Oracle GoldenGate

Overview & Components

This post covers Overview & Components of Oracle GoldenGate (software for real-time data integration and replication in heterogeneous IT Systems). I also added several examples for a full Setup.

Oracle Goldengate is a must know for DBAs & consists of following components:

  1. Manager
  2. Extract
  3. Data Pump
  4. Collector
  5. Replicat
  6. Trails Files

1. Extract

Oracle GoldenGate extract process resides on the source system and captures the committed transactions from the source database. The DB logs may contain committed as well as uncommitted data but, remember, extract process captures only committed transactions and write them to local trail files. It is important to note that Extract captures only the committed transaction from its data source.

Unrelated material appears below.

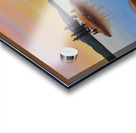 Morning Blues  Acrylic print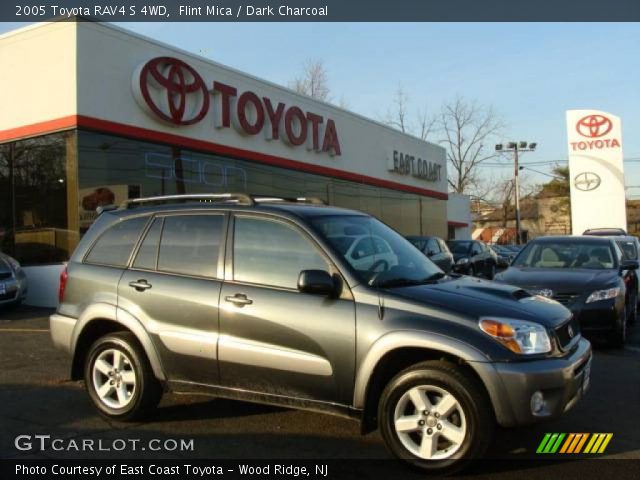 2005 Toyota RAV4 S 4WD in Flint Mica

The extract can be configured for any of  the following purposes:

  • Initial Load: For the Initial Load method of replication, extract captures a static set of data directly from the source table or objects.
  • Change Synchronization: In this method of replication, extract process continuously captures data (DML and DDL) from the source database to keep the source and target database in a consistent state of replication and it is sole method to implement continuous replication between the source and target database.

The data source of the extract process could be one of the following

  • Source table (if the extract is configured for initial load)
  • The database transaction logs or recovery logs such as (Oracle Redo Logs, Oracle Archive Logs, or SQL audit trails or Sybase transaction logs) depending on the type of source database.
  • Third party capture module can also be used to extract transactional data from the source database. In this method, the data and metadata from an external API are passed to the extract API.

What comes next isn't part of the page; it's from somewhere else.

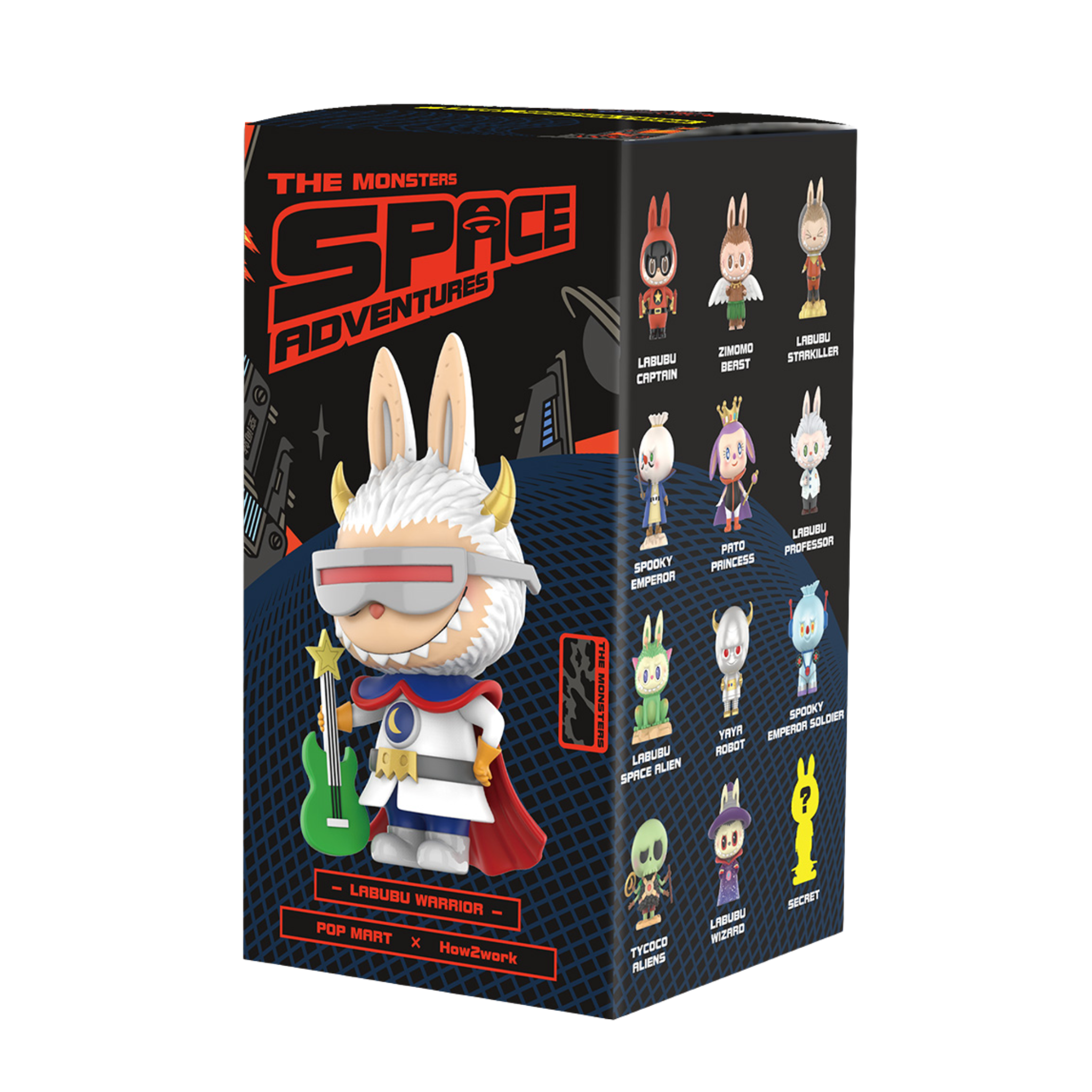 The Monsters Space Adventures Series Figures ( Blind Box ) Pop Mart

Extract captures changes from source database based on the extract configuration (contains the objects to be replicated from the source database).

Multiple extract processes can be configured on a source database to operate on same/different source objects.

The extract performs either of the following tasks after extracting the data/records from the source database objects.

  • Delivers the data extracted from source to the target server Trail Files through collector process
  • Writes the data extracted from source on to the Local Trail Files on source system

Optionally, Extract can also be configured to perform data filtering, transformation and mapping while capturing data and or before transferring the data to the target system.

2. DataPump

This is an optional GoldenGate process (server process) on the source system and comes into picture when the extracted data from the source is not directly transferred to the target Trail Files. In the DataPump setup, the extract process gets the records/data from a source and keeps it in the local file system by means of local Trail Files. The DataPump acts as a secondary extract process where it reads the records from Local Trail Files and delivers to the Target system Trail files through the collector.

Data Pump is also known as secondary extract process. It is always recommended to include data Pump in Goldengate configuration.

3. Collector

The collector is a server process that runs in the background on the target system in a GoldenGate replication setup where the extract is configured for continuous Change Synchronization.

Collector has the following roles to perform in the GoldenGate replication.

  • When a connection request is sent from the source extract, the collector process on the target system scan and map the requesting connection to the available port and send the port details back to the manager for assignment to the requesting extract process.
  • Collector receives the data sent by source extract process and writes them to Trail Files on the target system.

There is one collector process on the target system per one extract process on the source system, i.e it is a one to one mapping between extract and collector process.

4. Replicat

The Replicat process runs on the target system and is primarily responsible for replicating the extracted data delivered to the target trail files by the source extract process.

The replicat process scans the Trail Files on the target system, generates the DDL and DML from the Trail Files and finally applies them on to the target system.

Replicat has the following two types of configuration which relates to the type of extract being configured on the source system.

  • Initial loads: In initial data loads configuration, Replicat can apply a static data copy which is extracted by the Initial load extract to target objects or route it to a high-speed bulk-load utility.
  • Change synchronization: In change synchronization configuration, Replicat applies the continuous stream of data extracted from the source objects to the target objects using a native database interface or ODBC drivers, depending on the type of the target database.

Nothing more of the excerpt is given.